The policymakers in Pakistan need to wage war on the water crisis that threatens to sap the nation dry over the next decade. Long, medium and short term strategies need to be formulated in order to preserve water. In the short run, we may look to employ water treatment strategies and educate the stakeholders in order to achieve an optimal level of available water consumption for household, industrial and sanitary use. Meanwhile, strategies for the medium-term may include a complete review of the water treaties and building water reservoirs so that water is distributed in an equitable and a sustainable manner.
The policymakers in Pakistan need to wage war on the water crisis that threatens to sap the nation dry over the next decade.
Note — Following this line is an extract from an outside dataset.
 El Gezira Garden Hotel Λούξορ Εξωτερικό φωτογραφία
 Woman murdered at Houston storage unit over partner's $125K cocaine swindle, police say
In the long run, Pakistan can consider setting up desalination plants to make better use of river and sea water. Various countries have taken up this project to tackle water issues. In South Asia, the largest desalination plant is the Minjur Desalination Plant near Chennai in India followed by another one at Nemmeli. These plants have the capacity to produce an output of 200 million litres of water per day. Compared to Chennai, Karachi receives far less rainfall per year: 6.7 inches compared to Chennai’s 55 inches of average per year rainfall. Yet India has invested in a desalination plant as a substitute for groundwater. Indeed the cost of establishing such plants in the coastal areas of Pakistan would depend highly on the type of fuel that is used. However, the benefits of this initiative would far outweigh the costs. And with the plans of establishing coal power plants under the CPEC, it would seem natural to start planning for setting up desalination plants rather than preparing ourselves for a dry future.